Rethinking IT Security in the Age of the Cloud

May 2, 2011 Off By David
Object Storage
Grazed from IT Business Edge.  Author: Michael Vizard.

There’s obviously a lot of concern when it comes to the security of public cloud computing services. But there’s also a lot of opportunity to right the mistakes of the past as IT organizations move to embrace what amounts to a fundamentally new approach to enterprise computing.

With that goal in mind, IBM has developed five best practices for public cloud computing that IT organizations should keep in mind as they move to the cloud. Cloud computing, says Harold Moss, IBM CTO for cloud security strategy, is fundamentally more secure than most existing on-premise IT deployments because of the amount of expertise that can be brought to bear on a single deployment and the use of modern security frameworks to safeguard these installations.

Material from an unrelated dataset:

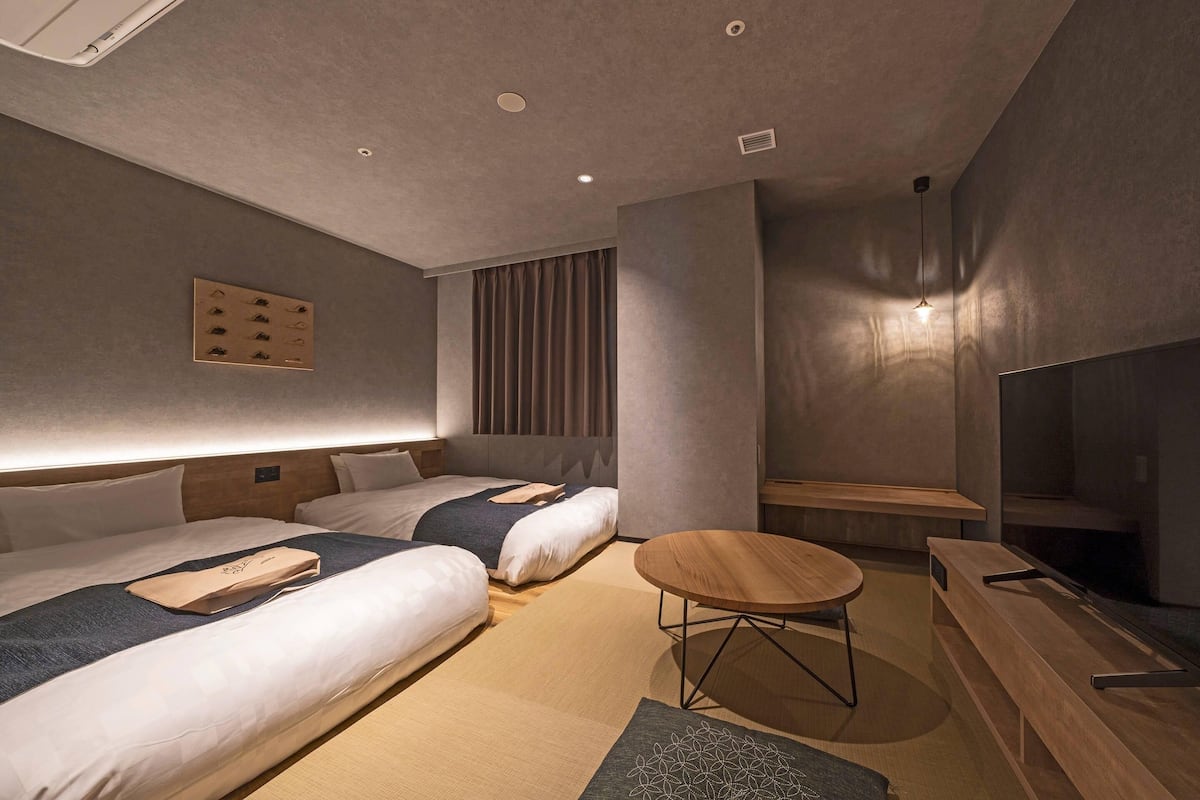 A modern hotel room with two beds, a wooden bench, a small round table, and a TV.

In fact, most on-premise IT installations rely on what Moss calls "bolt-on security" versus an approach that builds security into the core of the IT infrastructure by design, which Moss says has been a hallmark of IBM security that harkens all the way back to the mainframe.

But that doesn’t mean, adds Moss, that just because an application workload is deployed in a public cloud that the internal IT department is not responsible for managing it. Moss says it’s critical for IT organizations to make sure they have the proper level of controls in place to secure application workloads both inside and outside the enterprise. To that end, internal IT organizations will need access to monitoring tools that allow them to be certain that all the security parameters that have been outlined in the service-level agreement (SLA) are followed.

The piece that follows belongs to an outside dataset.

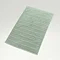 image of jade green bath mat on light grey background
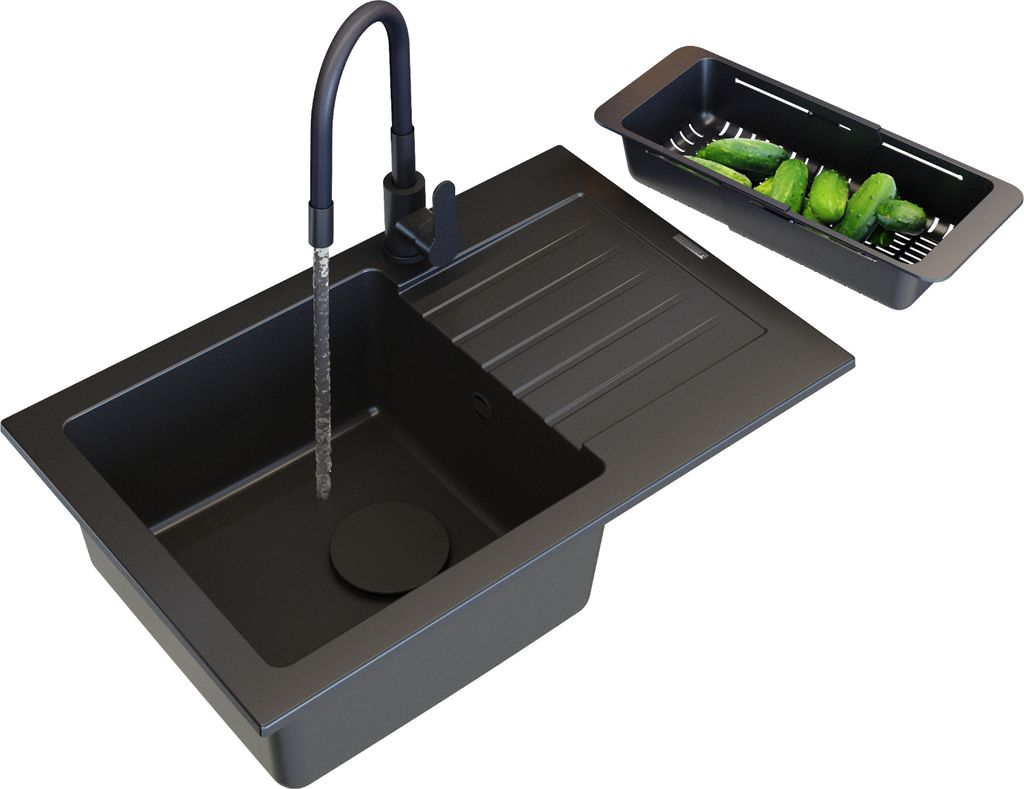 A black kitchen sink with a faucet running water into it, and a colander with cucumbers next to it.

The biggest issue with security in the cloud, however, may be that security concerns allow IT organizations to avoid having to confront more difficult issues, such as a fundamental inability to effectively manage data in the cloud. Rather than confront those issues directly, it’s simply a lot easier to roll those issues up under security because it allows the internal IT management team to avoid having some difficult conversations with the senior leadership of the business.

But one way or another all of these issues are going to have to be confronted in the months ahead. And the first step to making that happen is to stop making security the scapegoat for everything that is currently wrong with the way we manage internal IT.